In 1813, Lockhart took a first in classics then, for two years after leaving Oxford, lived in Glasgow before settling to the study of Scots law at the University of Edinburgh where, in 1816, he was elected to the Faculty of Advocates. A tour on the continent in 1817, when he visited Goethe at Weimar, was made possible when he was hired by the publisher William Blackwood to translate Friedrich Schlegel's Lectures on the History of Literature.

Edinburgh was then the stronghold of the Whig party, whose organ was the Edinburgh Review; and it was not until 1817 that the Scottish Tories found a means of expression in Blackwood's Magazine. After changing its name following a hum-drum launch as the Edinburgh Monthly Magazine, Blackwood's suddenly electrified Edinburgh with an outburst of brilliant criticism. Lockhart (along with John Wilson (Christopher North)), had joined its staff upon his return from Europe in 1817, and contributed to the caustic and aggressive articles that marked the early years of Blackwood's. Lockhart wrote virulent articles on "The Cockney School of Poetry" of Leigh Hunt, Keats and their contemporaries, although he did show appreciation of Coleridge and Wordsworth, and he praised Percy Bysshe Shelley, calling him "a man of genius".

One of the main literary organs of the Cockney School was The London Magazine. Its editor, John Scott, felt that Blackwood’s hounding of Keats had contributed to his 1821 death, at age 25. Scott also felt it was his duty to defend his authors against Lockhart and Blackwood’s. To that end, he published an attack of Lockhart and Blackwood’s; Lockhart promptly asked a London friend, Jonathan Henry Christie, to visit Scott and demand an apology. Scott refused; a series of letters were exchanged and the argument evolved into Scott’s insistence that Lockhart admit that he (Lockhart) was, in fact, the anonymous editor of Blackwood’s (it was common practice at the time to act an editor, and/or as a writer, anonymously, or using a pseudonym). According to the papers of Scott’s friend Peter George Patmore, who tried to negotiate a truce and kept a meticulous record of the matter, not only did Lockhart refuse to admit to his editorship, but he responded with "abusive epithets". With both men seeing their honour at stake, there was no going back and, on 16 February 1821, they proceeded with the duel near the Chalk Farm Tavern. But Lockhart did not attend; Jonathan Christie stepped into his place with his friend, James Traill, as his second. John Scott was wounded and died ten days later. Christie and Traill were tried for murder. They were acquitted, but Christie’s life was ruined. Lockhart was not blamed.

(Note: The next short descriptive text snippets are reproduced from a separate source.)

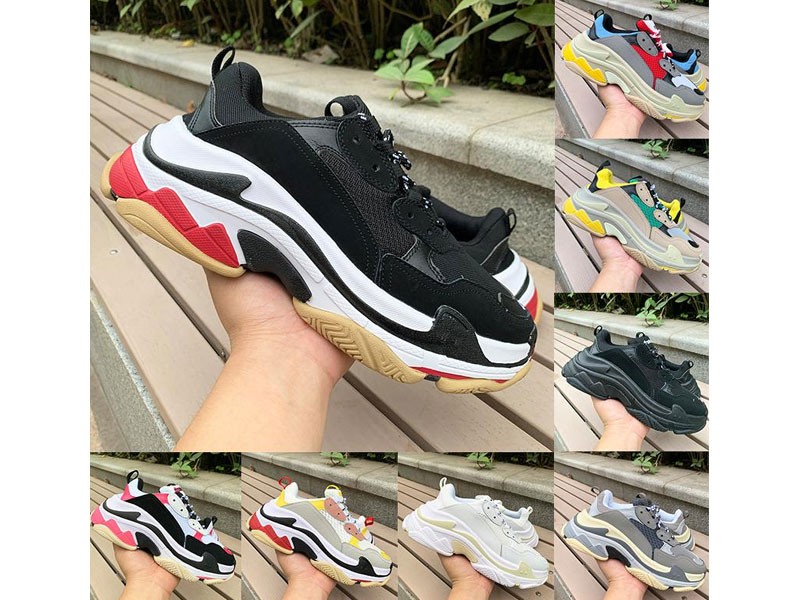 Triple Black White Beige Green Yellow Grey Pink Men's Sneakers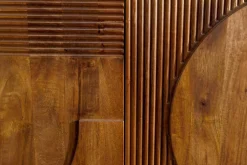 Massives Sideboard ART DECO 170cm braun smoke Mangoholz 3D-Front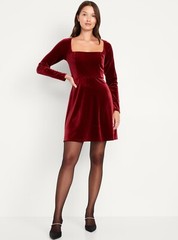 Old Navy Women&rsquo;s Fit & Flare Velvet Mini Dress Fire Scarlet Size XS S M L XL XXL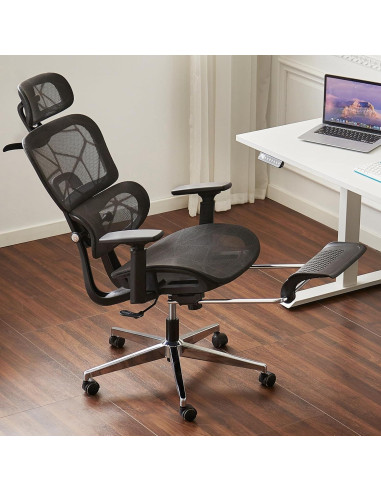 Silla de Oficina Ergonómica Leader Cattle LC Negra con Reposapiés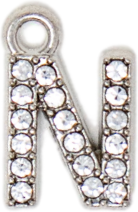 Diamond Letter Silver Charm Collection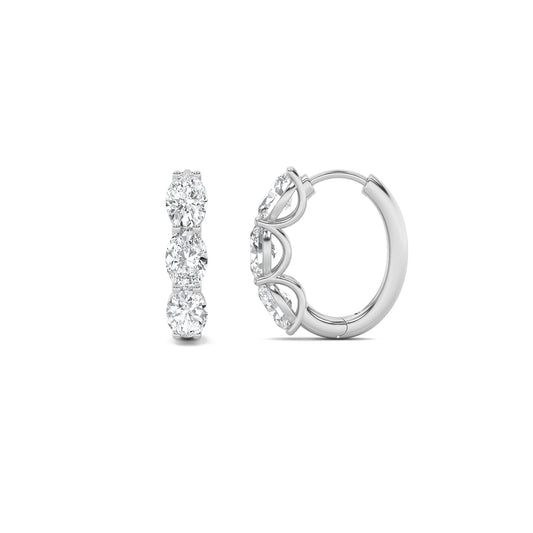 3CTW Oval Lab-Grown Diamond Prong Three Stone Huggie Earrings 6 Stones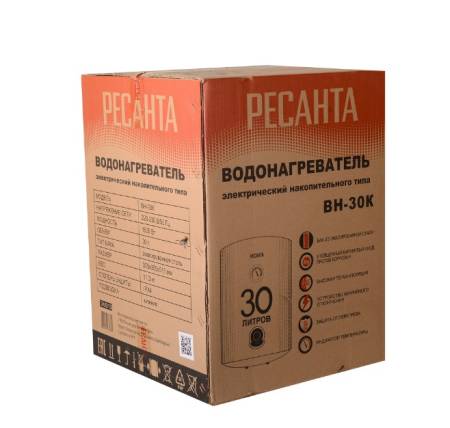 Водонагреватель накопительный ВН-30К Ресанта 74/5/13. Артикул 74/5/13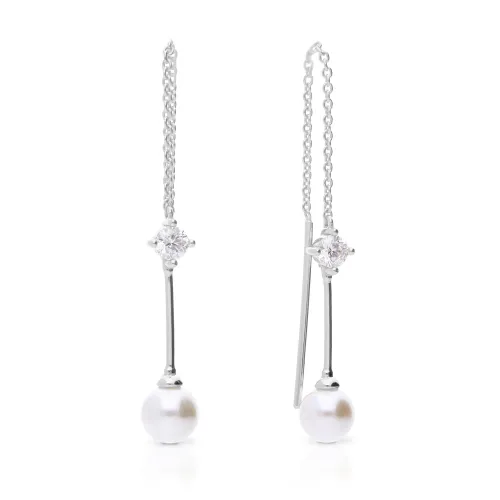 Diamonfire Silver Zirconia & Shell Pearl Thread Earrings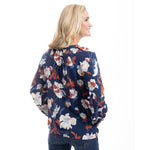 Load image into Gallery viewer, Meadow Bloom Navy Floral Peasant Blouse
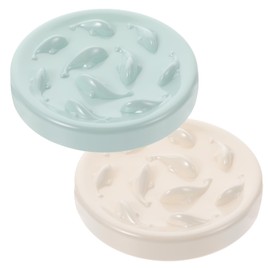 2 Pcs Pet Slow Feeder Bowl Dry Wet Food Cat Feeder Fun Interactive Cat Food Dish Cute Fish Pool Design Feeder Dish Healthy Eating Diet, Easy to Clean, Dishwasher Safe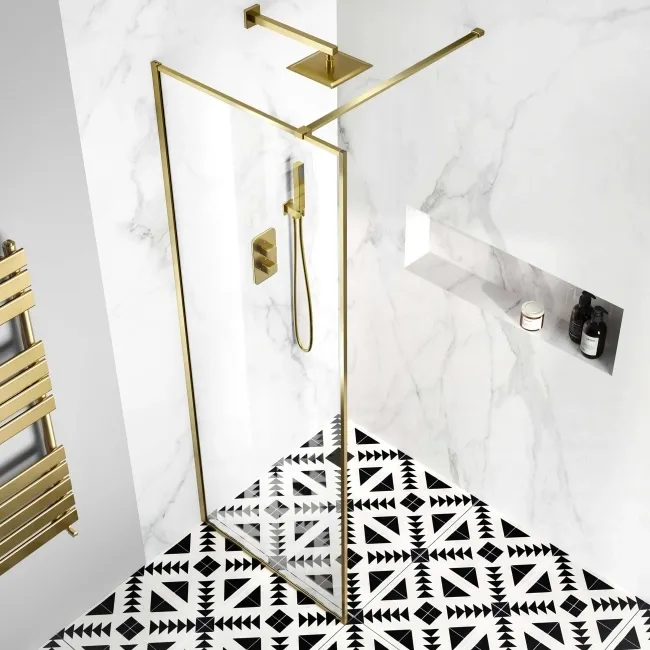 Munich Brushed Brass Framed Easy Clean 8mm Wet Room Shower Glass Panel 800mm
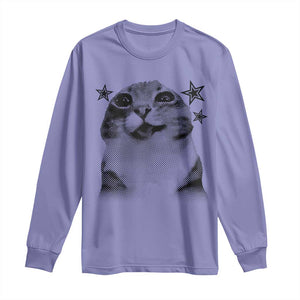 Funny Y2k Cat Meme Long Sleeve Shirt Vintage Retro Silly Cats Cats lover Gift TS10 Violet Print Your Wear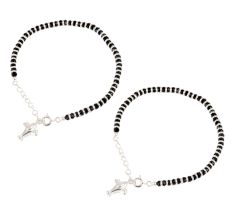 92.5 Sterling Silver Black Bead Bracelet Aeroplane Charms Nazariya Anklet for Kids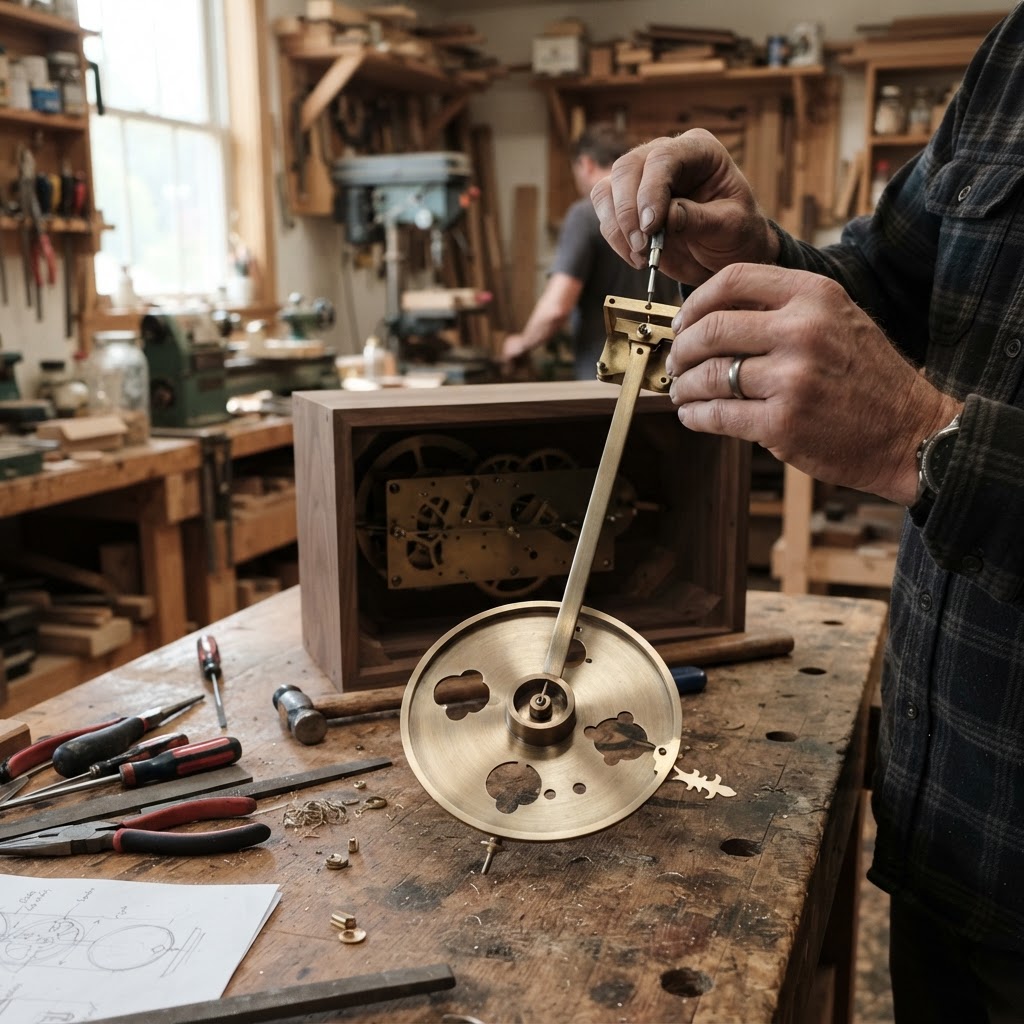 Vintage Brass Clockwork Pendulum Seed Timepiece — step 2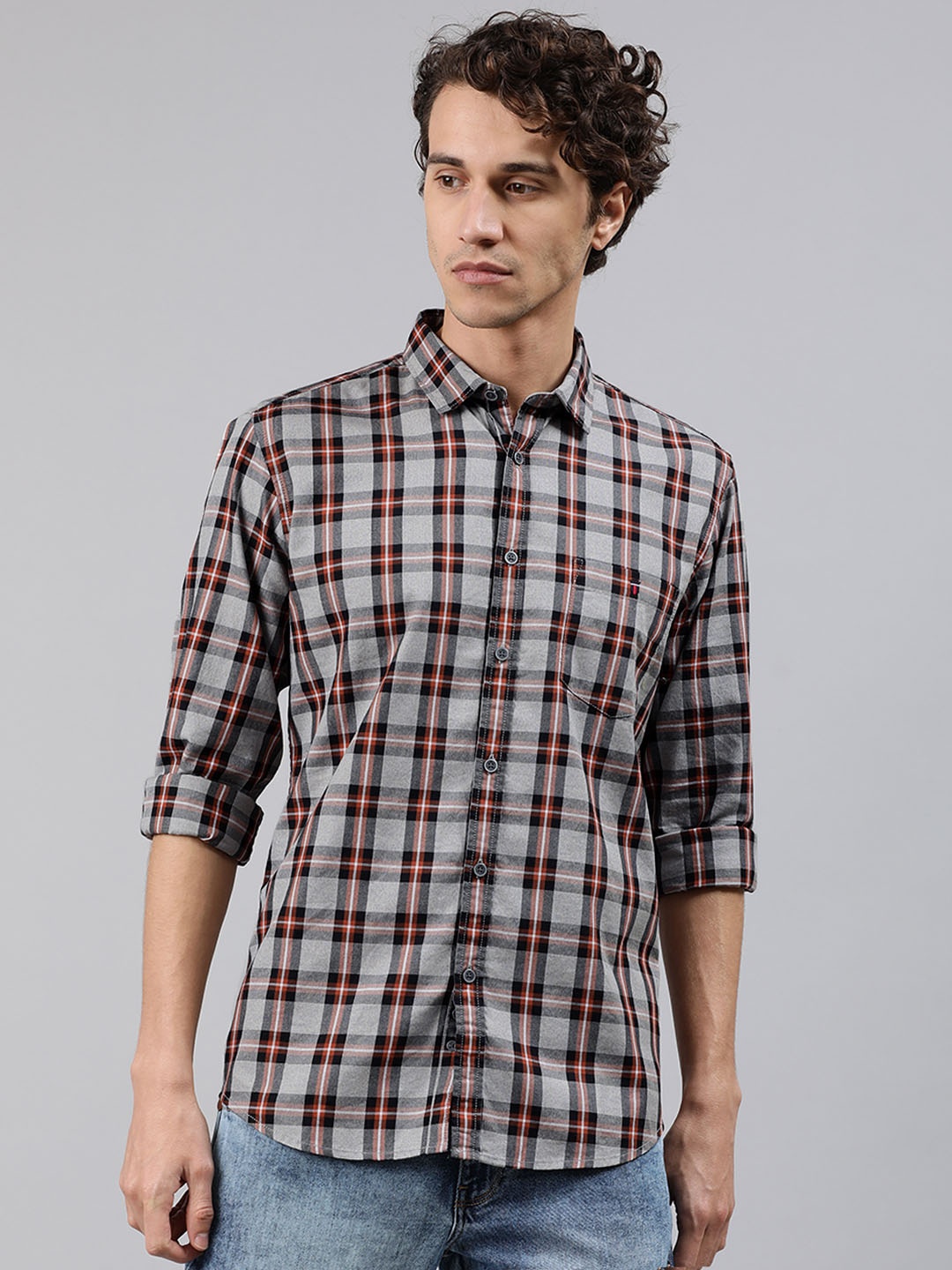 

Louis Philippe Jeans Men Grey & Rust Brown Super Slim Fit Checked Casual Shirt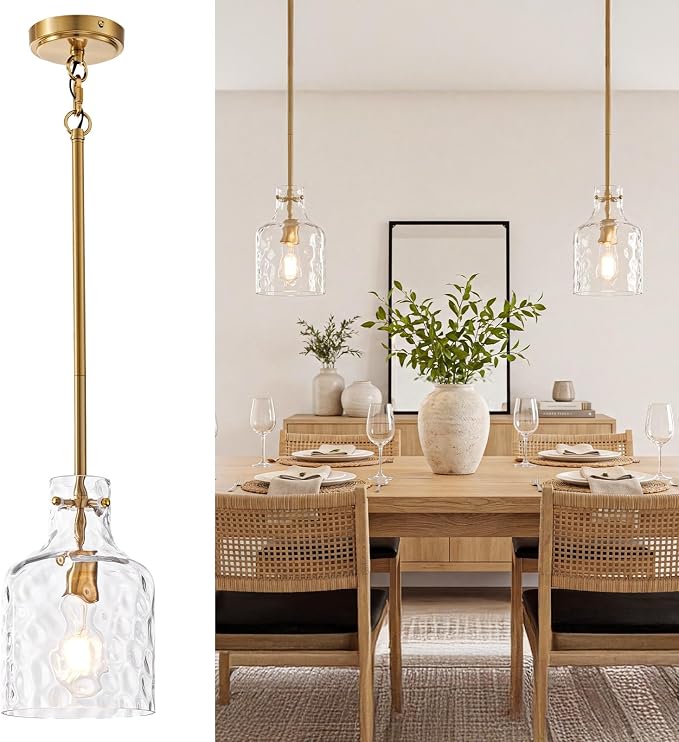 7 Inch Pendant Lights Kitchen Island with Clear Hammered Glass Shade Modern Pendant Light Fixtures Industrial Hanging Ceiling Lights for Kitchen Dining Room Bedroom Entryway, Gold, 1 Pack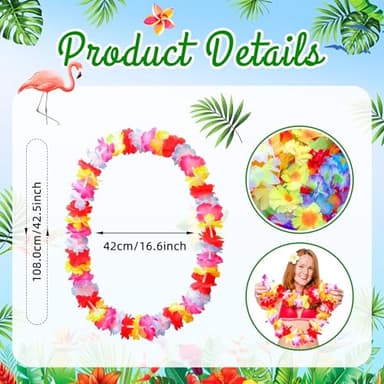AMAZING TIME 200 Count Hawaiian Lei Bulk, Tropical Luau Hawaii Theme Silk Flower Necklace, Party Favors for Beach Holiday Wedding Birthday Party, Aloha Summer Party Decorations - Image 2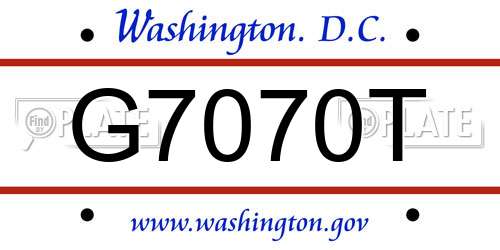 G7070T District Of Columbia License Plate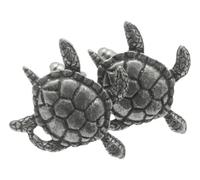 Turtle Pewter Cufflinks Mens Wedding Jewellery Novelty T-Bar Personalised Gift Box Option CL 381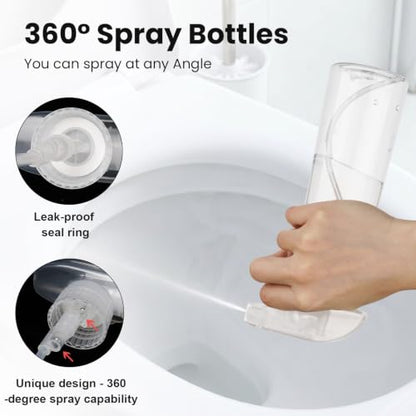 2 Pack 360° Reverse Plastic Spray Bottles 10oz Empty Spray Bottle - color: A-Clear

Between 1818 and 1825 Lockhart worked indefatigably. In 1819 Peter's Letters to his Kinsfolk appeared, and in 1822 he edited Peter Motteux's edition of Don Quixote, to which he prefixed a life of author Miguel de Cervantes. Four novels followed: Valerius in 1821, Adam Blair in 1822, Reginald Dalton in 1823 and Matthew Wald in 1824. However, his strength did not lie in novel writing. He also contributed to Blackwood translations of Spanish ballads, which in 1823 were published separately.